Hidden category: Articles with hCards. Toggle the table of contents. Sanneh in January 6, aged 76 United States.
Lamin sanneh autobiography definition
Scholar of missions and religious studies. History of African Christianity and a pioneer in the academic field of world Christianity. Missiologyreligious studies. He led numerous other initiatives, one being a flagship project on Religious Freedom and Society in Africa. It seeks to resource academic institutions in the advanced study of religion through curricular design, faculty development and research.

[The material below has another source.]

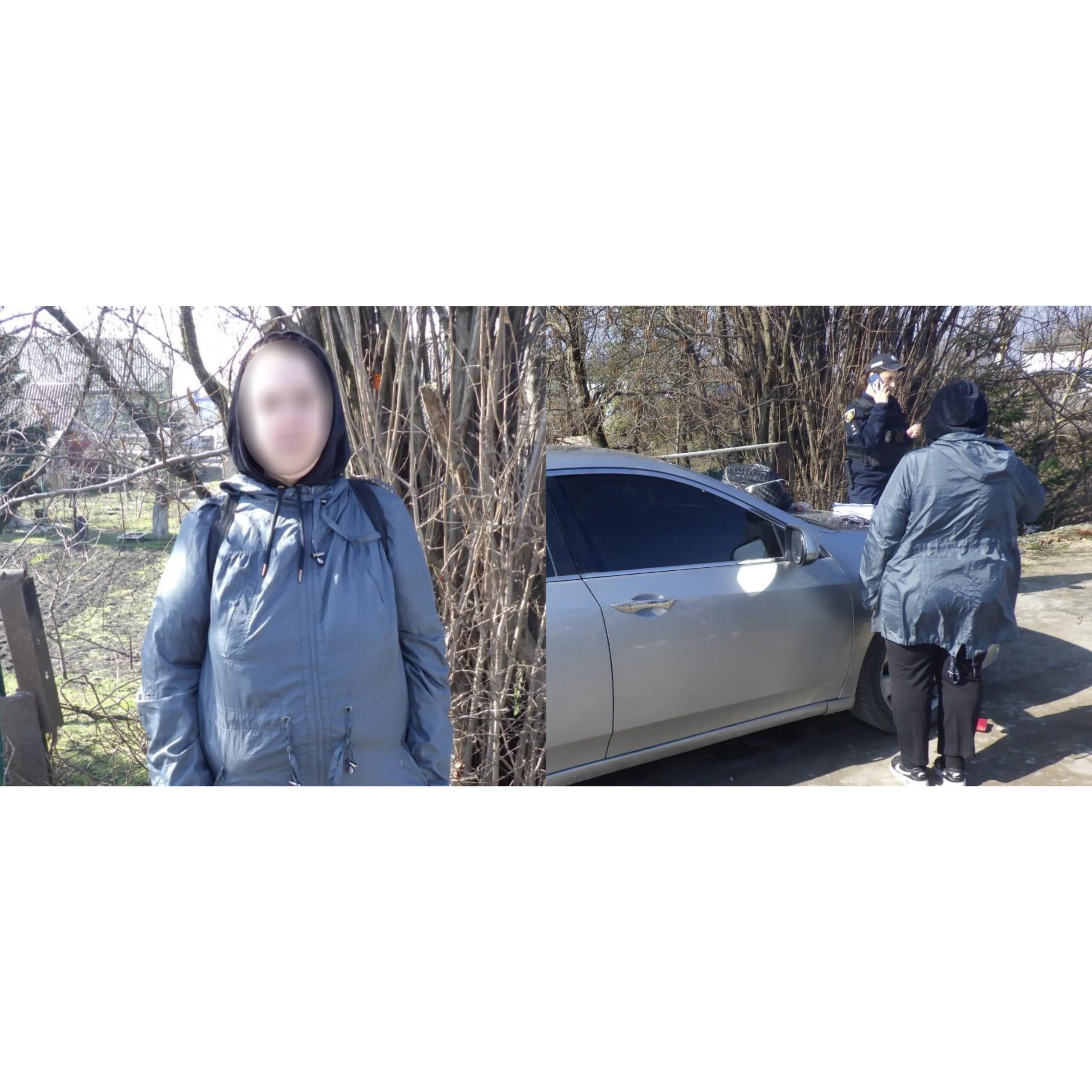 50-річній львівʼянці загрожує до 8 років увʼязнення за крадіжку гаманця на ринку у Золочеві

Sanneh also had an impressive record of publications as author, editor, or co-editor of books, monographs, and peer-reviewed journal articles. In it and related essays, Sanneh dissociates Christian mission from the ideological claim that missionaries were imperial agents, and mission work was an extension of the colonial empire. Much of the colonized world had achieved independence in the late s and the s.

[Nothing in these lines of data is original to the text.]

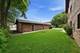 9535 S 54th Unit 3N, Oak Lawn, IL 60453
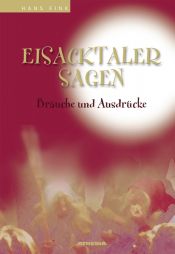 book cover of Suedtiroler Sagen by Bruno Mahlknecht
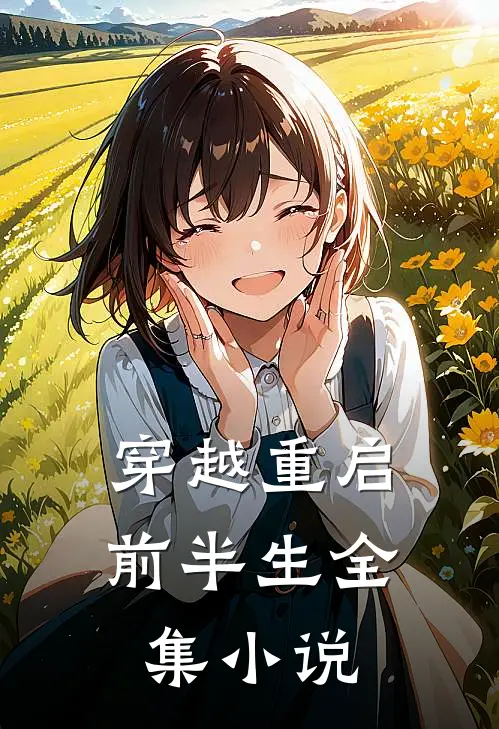 穿越重启前半生全集小说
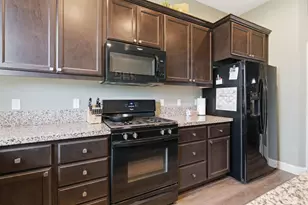 2532 BRANDEN PL, Manteca, CA 95337 - Photo 16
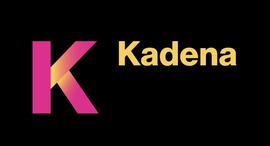ADE:解读 Kadena 将在 CoinList 进行的二级拍卖_Social Capitalism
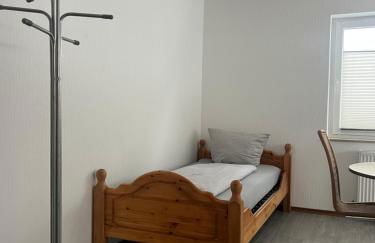 Alexander s Ferienwohnungen - Foto 7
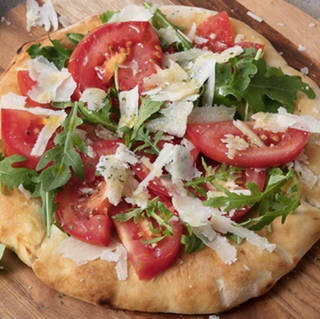 Insalata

In the immediate post-colonial backlash, it was argued that mission work was the willing instrument of colonial administrators and settlers. Missionaries had been set loose to introduce a false piety, weaken resistance, and prepare natives to acquiesce to colonial control. As agents of western cultural alienation, they enabled settlers to annex African land with ease.

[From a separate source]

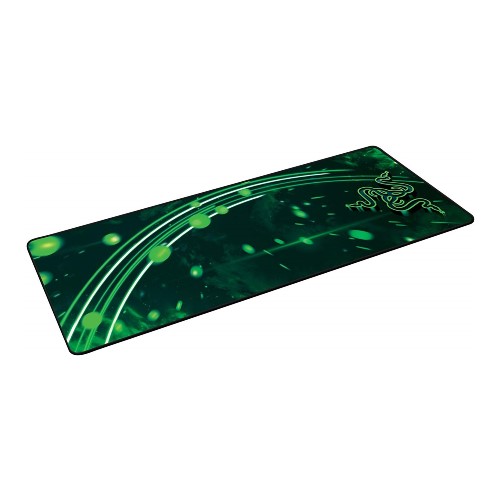 Razer Goliathus Cosmic Extended (Speed) マウスパッドRZ02-01910400-R3M1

By the late s through the s when Sanneh was coming up in the academic ranks, Western liberal academia had joined this vitriolic censure of missionary work. Among mainline church circles, the shadow of this censure exacted a heavy price of guilt on mission agencies. Educational institutions, hospitals, and development initiatives that had been founded by missionaries were facing lethargic malaise in their diverse social roles.
A caustic attitude in African churches that were founded by missionaries hampered religious enthusiasm and conversion. Sanneh adds a biographical note to the dilemma when he tells how both a Methodist and a Catholic missionary were reluctant to baptize him when he chose to convert from his Muslim faith into Christianity. All that negative characterization of Christian mission was not only paralyzing the spread of the gospel in Africa but also dismissing the real significance of hundreds of years of Christian mission across Africa and elsewhere.
Sanneh turns the narrative of missionary complicity in the colonial project on its head.